Please set down, exactly, the line with "150 Opening and" and all lines that follow it through the end of the records below.

*** WORKING DATA Section Begins ***

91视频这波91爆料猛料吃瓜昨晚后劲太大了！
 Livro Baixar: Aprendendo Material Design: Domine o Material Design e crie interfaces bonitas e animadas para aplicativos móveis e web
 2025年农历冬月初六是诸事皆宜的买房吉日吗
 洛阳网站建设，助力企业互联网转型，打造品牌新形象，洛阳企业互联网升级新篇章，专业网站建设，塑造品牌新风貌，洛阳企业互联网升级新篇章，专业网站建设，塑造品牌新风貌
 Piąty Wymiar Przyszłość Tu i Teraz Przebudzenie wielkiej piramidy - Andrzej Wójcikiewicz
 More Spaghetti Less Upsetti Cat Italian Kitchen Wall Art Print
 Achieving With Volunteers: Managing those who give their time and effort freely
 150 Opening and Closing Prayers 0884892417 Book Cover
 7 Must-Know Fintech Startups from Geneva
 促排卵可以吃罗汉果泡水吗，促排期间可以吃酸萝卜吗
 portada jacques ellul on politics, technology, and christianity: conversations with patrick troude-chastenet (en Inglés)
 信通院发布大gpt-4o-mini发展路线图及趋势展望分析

*** WORKING DATA Section Ends ***

#### SOLUTION TO THIS EXERCISE
 150 Opening and Closing Prayers 0884892417 Book Cover
 7 Must-Know Fintech Startups from Geneva
 促排卵可以吃罗汉果泡水吗，促排期间可以吃酸萝卜吗
 portada jacques ellul on politics, technology, and christianity: conversations with patrick troude-chastenet (en Inglés)
 信通院发布大gpt-4o-mini发展路线图及趋势展望分析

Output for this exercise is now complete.